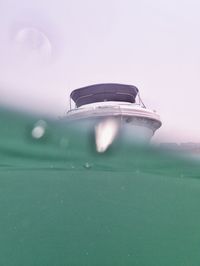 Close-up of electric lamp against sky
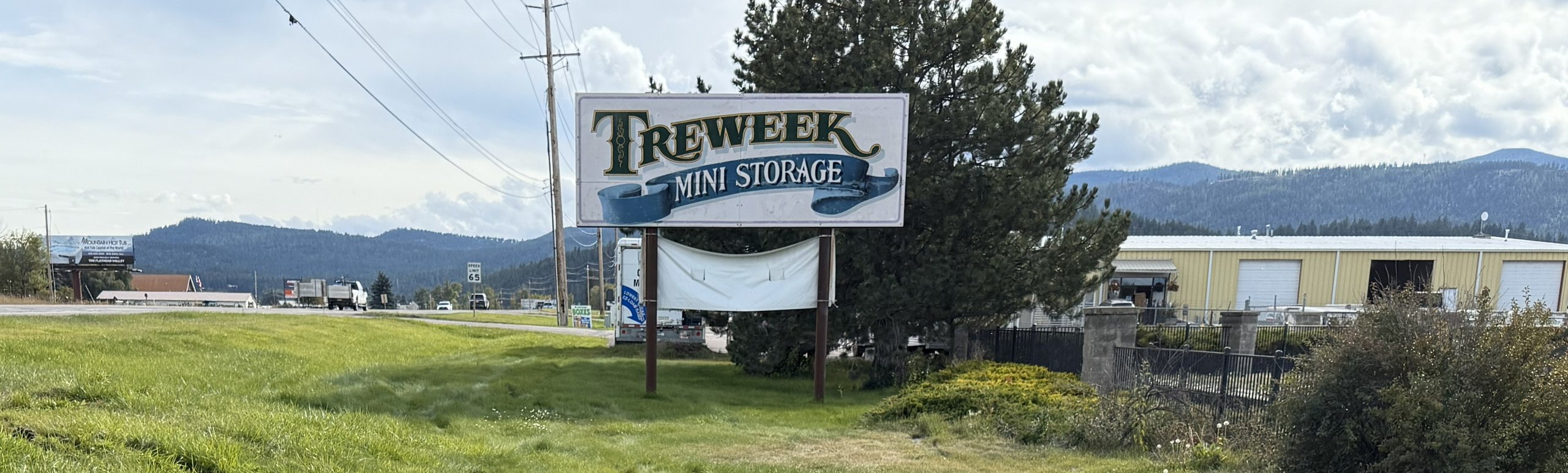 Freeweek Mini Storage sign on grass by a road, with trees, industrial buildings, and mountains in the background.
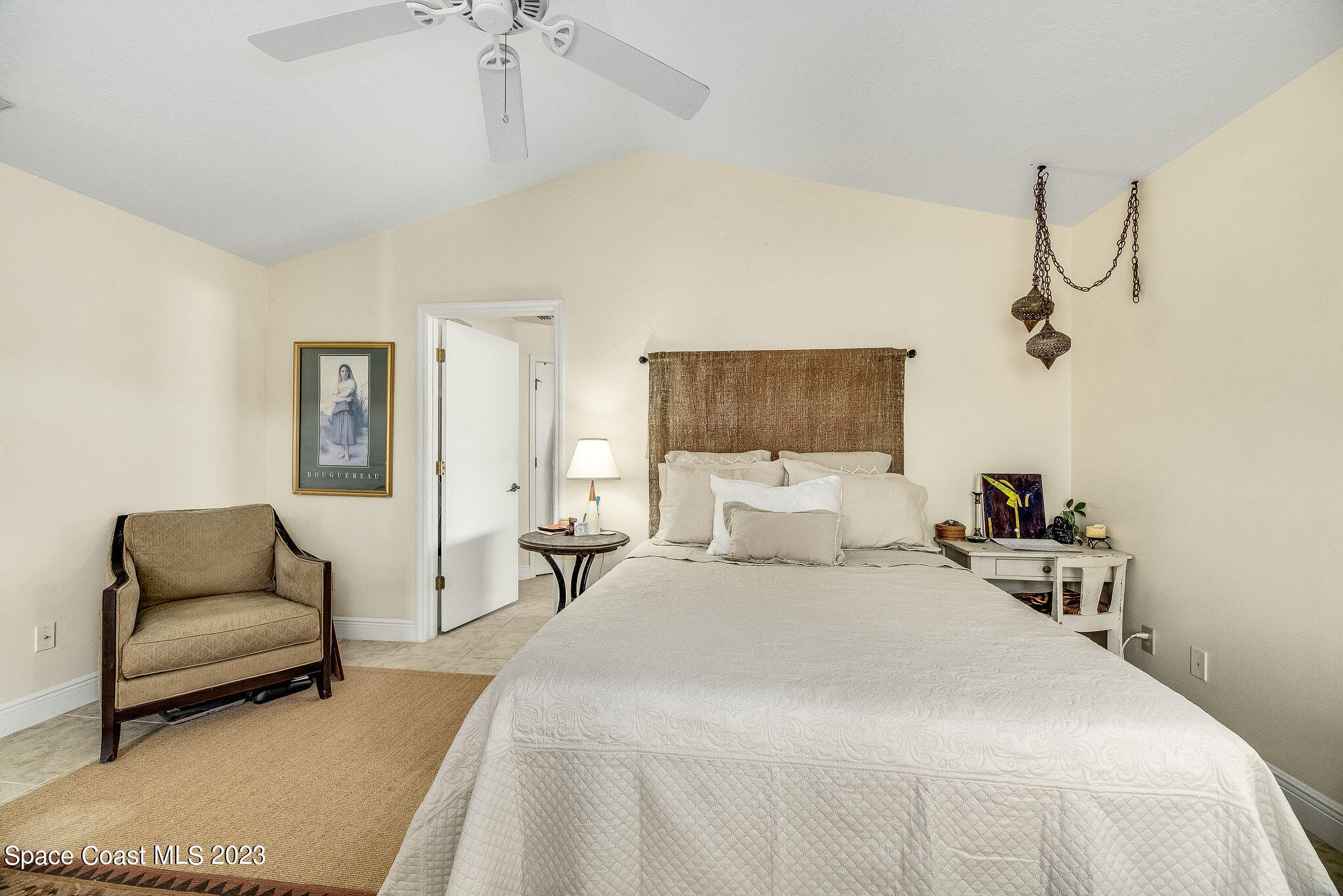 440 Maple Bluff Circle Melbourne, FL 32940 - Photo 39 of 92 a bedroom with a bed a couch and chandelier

...

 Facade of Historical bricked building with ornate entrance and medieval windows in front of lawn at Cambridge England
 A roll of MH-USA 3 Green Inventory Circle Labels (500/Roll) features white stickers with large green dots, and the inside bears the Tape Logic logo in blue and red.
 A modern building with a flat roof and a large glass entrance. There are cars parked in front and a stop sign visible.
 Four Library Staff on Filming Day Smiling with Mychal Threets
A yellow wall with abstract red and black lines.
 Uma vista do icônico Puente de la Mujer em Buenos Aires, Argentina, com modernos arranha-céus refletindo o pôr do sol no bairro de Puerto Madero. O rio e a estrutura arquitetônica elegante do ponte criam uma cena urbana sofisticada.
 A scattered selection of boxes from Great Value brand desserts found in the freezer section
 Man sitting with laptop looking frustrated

PROBLEM TO SOLVE :: The lines to extract from the data above begin with the line containing "A modern building" and end with the line containing "Man sitting with laptop looking frustrated". Extract them exactly, including both.

RESPONSE TO THE EXERCISE ::
 A modern building with a flat roof and a large glass entrance. There are cars parked in front and a stop sign visible.
 Four Library Staff on Filming Day Smiling with Mychal Threets
A yellow wall with abstract red and black lines.
 Uma vista do icônico Puente de la Mujer em Buenos Aires, Argentina, com modernos arranha-céus refletindo o pôr do sol no bairro de Puerto Madero. O rio e a estrutura arquitetônica elegante do ponte criam uma cena urbana sofisticada.
 A scattered selection of boxes from Great Value brand desserts found in the freezer section
 Man sitting with laptop looking frustrated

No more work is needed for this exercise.